Often analysts confuse the two types of data science problems. Too often we have seen examples of the inappropriate use of black-box software. Feeding a few gigabytes of SQL rectangular data into a black-box neural net software package for making predictions in a decision making context is almost certainly misplaced effort. Is the black-box approach stronger? As Yoda told Luke, “No, no, no. Quicker, easier, more seductive.” There is no substitute for thinking about the mathematical structure of the problem and finding the right contextual question to ask of the data.

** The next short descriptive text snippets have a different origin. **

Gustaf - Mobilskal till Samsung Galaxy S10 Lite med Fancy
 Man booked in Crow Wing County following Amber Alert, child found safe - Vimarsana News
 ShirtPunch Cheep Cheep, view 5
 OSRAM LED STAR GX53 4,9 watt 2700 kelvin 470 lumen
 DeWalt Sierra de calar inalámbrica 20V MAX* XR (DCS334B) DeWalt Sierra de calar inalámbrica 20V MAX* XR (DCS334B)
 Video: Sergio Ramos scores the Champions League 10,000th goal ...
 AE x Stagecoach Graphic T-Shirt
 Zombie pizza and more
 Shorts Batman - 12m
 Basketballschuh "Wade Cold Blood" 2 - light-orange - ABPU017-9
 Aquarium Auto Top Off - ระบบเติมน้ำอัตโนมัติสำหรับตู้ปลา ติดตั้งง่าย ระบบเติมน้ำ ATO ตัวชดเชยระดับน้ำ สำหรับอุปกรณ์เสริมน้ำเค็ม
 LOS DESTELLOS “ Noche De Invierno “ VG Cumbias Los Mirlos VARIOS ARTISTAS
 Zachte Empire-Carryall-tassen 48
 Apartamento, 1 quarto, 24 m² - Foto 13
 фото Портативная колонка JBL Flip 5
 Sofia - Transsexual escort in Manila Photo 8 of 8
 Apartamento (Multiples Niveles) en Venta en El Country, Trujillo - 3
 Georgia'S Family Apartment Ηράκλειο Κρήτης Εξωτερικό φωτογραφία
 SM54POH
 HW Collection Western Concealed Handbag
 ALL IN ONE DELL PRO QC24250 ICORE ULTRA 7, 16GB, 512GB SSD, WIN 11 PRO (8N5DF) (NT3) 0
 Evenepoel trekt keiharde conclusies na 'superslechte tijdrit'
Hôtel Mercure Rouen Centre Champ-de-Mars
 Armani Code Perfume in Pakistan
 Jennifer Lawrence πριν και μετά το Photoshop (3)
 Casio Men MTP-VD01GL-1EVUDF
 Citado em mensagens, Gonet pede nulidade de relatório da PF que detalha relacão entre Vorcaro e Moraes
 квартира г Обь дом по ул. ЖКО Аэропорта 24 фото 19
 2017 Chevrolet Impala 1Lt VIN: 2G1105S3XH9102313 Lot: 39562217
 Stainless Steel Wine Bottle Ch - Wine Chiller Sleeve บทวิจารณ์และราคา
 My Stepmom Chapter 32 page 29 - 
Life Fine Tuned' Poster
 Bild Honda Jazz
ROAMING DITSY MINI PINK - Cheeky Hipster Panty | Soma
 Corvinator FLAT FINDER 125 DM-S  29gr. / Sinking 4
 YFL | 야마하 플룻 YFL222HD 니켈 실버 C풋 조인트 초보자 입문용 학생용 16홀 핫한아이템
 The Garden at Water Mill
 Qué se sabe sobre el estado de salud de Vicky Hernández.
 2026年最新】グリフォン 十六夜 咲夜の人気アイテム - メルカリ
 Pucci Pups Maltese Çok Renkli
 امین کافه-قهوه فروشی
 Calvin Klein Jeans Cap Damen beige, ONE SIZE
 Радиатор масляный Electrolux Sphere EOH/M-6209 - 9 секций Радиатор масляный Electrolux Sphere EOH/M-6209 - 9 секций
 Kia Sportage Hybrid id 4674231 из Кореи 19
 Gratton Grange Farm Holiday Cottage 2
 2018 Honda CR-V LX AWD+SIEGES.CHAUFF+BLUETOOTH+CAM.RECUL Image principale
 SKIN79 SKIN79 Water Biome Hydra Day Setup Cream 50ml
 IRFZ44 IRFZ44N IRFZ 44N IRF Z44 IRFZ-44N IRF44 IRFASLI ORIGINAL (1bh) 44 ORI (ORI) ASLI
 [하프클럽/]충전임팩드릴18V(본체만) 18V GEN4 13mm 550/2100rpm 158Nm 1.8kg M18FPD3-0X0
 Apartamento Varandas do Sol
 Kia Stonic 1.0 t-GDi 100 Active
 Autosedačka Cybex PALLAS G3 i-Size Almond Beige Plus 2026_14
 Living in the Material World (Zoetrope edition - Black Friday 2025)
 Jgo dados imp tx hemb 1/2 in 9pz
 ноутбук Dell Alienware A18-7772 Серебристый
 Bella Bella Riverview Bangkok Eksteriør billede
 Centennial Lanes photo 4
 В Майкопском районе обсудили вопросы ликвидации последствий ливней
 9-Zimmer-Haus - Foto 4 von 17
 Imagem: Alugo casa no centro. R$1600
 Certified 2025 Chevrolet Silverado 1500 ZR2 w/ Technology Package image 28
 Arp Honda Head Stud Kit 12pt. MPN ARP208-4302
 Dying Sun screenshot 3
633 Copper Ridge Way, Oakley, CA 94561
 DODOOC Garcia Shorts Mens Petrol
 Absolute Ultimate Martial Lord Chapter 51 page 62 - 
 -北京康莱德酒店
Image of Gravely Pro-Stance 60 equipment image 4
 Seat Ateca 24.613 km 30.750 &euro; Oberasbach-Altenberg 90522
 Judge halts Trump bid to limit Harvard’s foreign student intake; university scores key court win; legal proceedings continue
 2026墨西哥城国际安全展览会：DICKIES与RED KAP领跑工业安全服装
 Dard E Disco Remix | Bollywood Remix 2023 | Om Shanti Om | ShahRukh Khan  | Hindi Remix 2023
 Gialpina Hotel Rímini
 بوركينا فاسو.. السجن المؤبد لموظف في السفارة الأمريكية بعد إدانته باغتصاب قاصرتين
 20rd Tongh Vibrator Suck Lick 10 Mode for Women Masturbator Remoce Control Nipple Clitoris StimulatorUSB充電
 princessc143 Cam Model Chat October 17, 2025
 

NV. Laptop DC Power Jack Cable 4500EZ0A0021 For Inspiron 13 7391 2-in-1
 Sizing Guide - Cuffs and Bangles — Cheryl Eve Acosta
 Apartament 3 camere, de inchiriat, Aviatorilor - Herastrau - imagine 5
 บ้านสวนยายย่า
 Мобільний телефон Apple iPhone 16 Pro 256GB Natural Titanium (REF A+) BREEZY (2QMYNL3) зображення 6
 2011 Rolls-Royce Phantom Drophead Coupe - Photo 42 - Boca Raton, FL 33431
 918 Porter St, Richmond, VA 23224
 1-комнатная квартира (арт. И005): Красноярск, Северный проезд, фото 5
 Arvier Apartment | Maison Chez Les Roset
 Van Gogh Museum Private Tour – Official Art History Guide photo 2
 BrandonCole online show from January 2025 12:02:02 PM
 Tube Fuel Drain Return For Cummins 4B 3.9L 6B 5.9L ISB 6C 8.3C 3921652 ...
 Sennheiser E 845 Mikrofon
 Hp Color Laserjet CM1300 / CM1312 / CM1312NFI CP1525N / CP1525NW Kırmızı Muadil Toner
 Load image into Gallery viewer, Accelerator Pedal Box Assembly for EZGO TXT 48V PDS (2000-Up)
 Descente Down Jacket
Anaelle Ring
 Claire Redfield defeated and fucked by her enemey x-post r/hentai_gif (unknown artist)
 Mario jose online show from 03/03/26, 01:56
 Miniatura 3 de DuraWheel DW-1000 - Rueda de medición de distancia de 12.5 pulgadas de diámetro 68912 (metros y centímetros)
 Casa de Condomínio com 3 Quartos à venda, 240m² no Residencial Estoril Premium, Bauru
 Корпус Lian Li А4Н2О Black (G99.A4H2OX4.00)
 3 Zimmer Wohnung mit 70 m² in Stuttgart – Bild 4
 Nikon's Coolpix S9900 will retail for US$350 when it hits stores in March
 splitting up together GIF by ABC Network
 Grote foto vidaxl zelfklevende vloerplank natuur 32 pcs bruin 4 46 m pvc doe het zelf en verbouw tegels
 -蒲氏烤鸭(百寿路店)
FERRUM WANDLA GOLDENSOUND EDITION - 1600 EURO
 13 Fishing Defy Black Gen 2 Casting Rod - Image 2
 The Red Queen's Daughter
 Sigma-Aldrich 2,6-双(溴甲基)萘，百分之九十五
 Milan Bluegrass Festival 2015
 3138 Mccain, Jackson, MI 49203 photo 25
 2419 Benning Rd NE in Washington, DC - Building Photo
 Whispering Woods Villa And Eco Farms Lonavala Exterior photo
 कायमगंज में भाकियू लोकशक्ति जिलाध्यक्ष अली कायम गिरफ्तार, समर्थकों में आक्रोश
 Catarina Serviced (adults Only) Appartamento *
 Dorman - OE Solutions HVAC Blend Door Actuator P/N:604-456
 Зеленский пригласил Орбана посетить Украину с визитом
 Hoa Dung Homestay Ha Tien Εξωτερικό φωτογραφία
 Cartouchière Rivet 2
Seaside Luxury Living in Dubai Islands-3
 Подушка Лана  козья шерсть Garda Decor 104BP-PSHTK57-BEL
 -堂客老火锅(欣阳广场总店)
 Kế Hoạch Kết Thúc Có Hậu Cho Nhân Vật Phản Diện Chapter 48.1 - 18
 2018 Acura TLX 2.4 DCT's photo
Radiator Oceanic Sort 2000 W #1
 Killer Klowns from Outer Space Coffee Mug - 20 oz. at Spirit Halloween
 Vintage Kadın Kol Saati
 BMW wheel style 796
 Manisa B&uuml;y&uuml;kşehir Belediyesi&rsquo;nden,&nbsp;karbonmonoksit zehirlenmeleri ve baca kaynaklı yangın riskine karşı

To give a more concrete example, in the past I was deeply involved with a queueing problem that the government faced. Predicting wait times, queue lengths, and arrivals, is not a black-box-plug-and-play problem. To help government decision makers better allocate scarce resources, we used queueing theory along with modern statistical inference methods. We noticed that servers across our queue came from a heterogeneous population of experience and skill, nested within teams. We estimated production using hierarchical models and Markov Chain Monte Carlo which we used to infer some aspects of our queueing models. We were not thinking about driving data into black-boxes, we were more concerned with the world of random walks, renewal theory, and continuous time Markov chains. Our modelling efforts engendered management discussions that focus on trade-offs between a reduction in server time variance, increasing average service speed, and adding to queue capacity; all of which play a role in determining the long term average queue length and all of which have their own on-the-ground operational quirks and costs. Data science, as we practice it in the civil service, moves management discussions to a higher level so that the decision maker’s unique experience and insight becomes crucial to the final decision. Raw predictive power is usually not the goal – an understanding of how to make optimal trade-offs with complex decisions is.

Data science in government is about improving decisions through a better understanding of the world. That’s mostly the application of operations research and that is how our group applies computation and mathematics to government problems.